Rüsselrutsche Elefant: „Rutscht mir doch den Buckel runter“

Denkmalpreis
Seit 1962 steht die steinerne Elefantenrutsche im Hof der Wilsdruffer Straße 13 in Dresden. Foto: Landesamt für Denkmalpflege Sachsen

Schüler der 32. Oberschule befassten sich mit einem Dresdner Denkmal und wurden dafür mit dem Sächsischen Kinder- und Jugenddenkmalpreis 2022 ausgezeichnet.

Wie lange steht der Rutsch- und Kletterelefant schon auf einem Kinderspielplatz in der Dresdner Innenstadt?
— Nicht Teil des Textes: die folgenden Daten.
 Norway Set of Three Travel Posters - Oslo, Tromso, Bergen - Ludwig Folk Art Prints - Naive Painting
Wer hat ihn einst entworfen und gebaut? Was ist eigentlich Dresdner Nachkriegsmoderne?

Mit diesen Fragen befassten sich zehn Schüler der Klassenstufe 10 der 32. Oberschule Dresden in ihrem Denkmalprojekt »Rutscht mir doch den Buckel runter! Die Dresdner Rüsselrutsche«. Gemeint ist damit jener steinerne Elefant, der seit 1962 auf der Wilsdruffer Straße 13 im Herzen der Altstadt steht und einst von den Künstlern Johannes Peschel, Egmar Ponndorf und Vinzenz Wanitschke geschaffen wurde.
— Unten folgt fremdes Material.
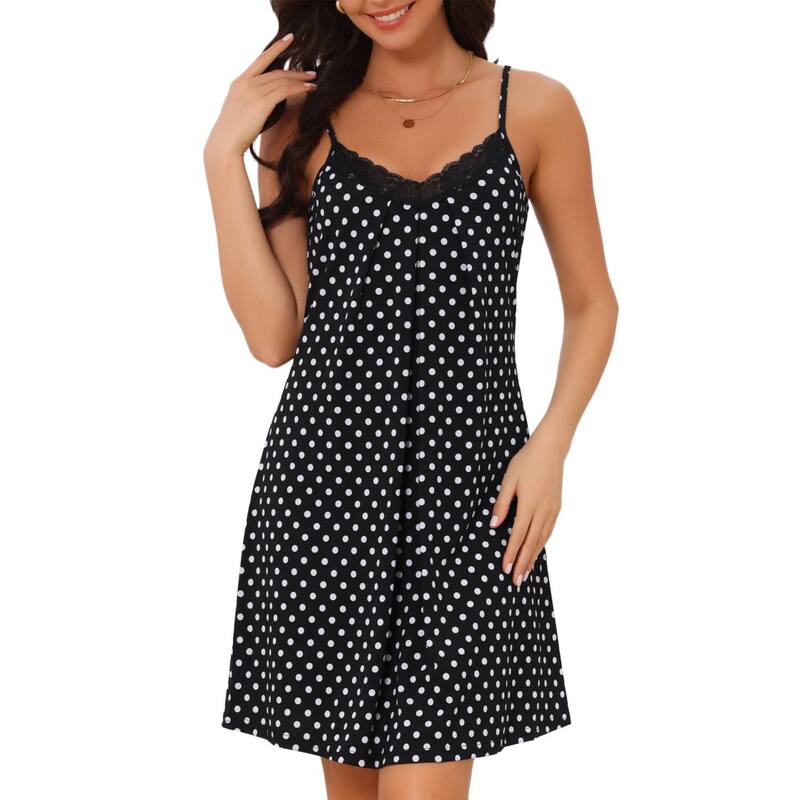 インスパイア シック レディース アンダーウェア ナイトウェア Vネック シャツ レース INSPIRE CHIC Women's Nightgown V-Neck Chemise Sleepwear Lace Nightwear Soft Lingerie Nightshirts Pajama Dress Polka Dots｜ReVida 店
„In ihrer Freizeit haben die Schüler zusammen mit ihrer engagierten Lehrerin den Kletterelefanten erforscht, haben sich auf Spurensuche nach den Erbauern begeben und noch wenige, erhaltene Objekte in Leipzig, Eisenach und Neubrandenburg gefunden. Sie haben Begeisterung bei den großgewordenen Kindern von damals erfahren. Mit ihrem Projekt tragen sie unmittelbar zum Verständnis für Vergangenheit, Lebenszeit und Zukunft bei«, lobt Staatsminister Thomas Schmidt die Schüler-Initiative. Die Zehntklässler hatten sich im Rahmen des Sächsischen Landesprogramms »PEGASUS – Schulen adoptieren Denkmale« mit dem Rutschelefanten befasst.

Sachsen ist Denkmalland

Sachsen ist ein Denkmalland. Hier gibt es deutschlandweit die höchste Dichte an Denkmalen – auf 40 Einwohner kommt eins. Insgesamt sind es über 100 000 Kulturdenkmale und über 13.000 Bodendenkmale. Nur in Bayern gibt es noch mehr Denkmale als in Sachsen.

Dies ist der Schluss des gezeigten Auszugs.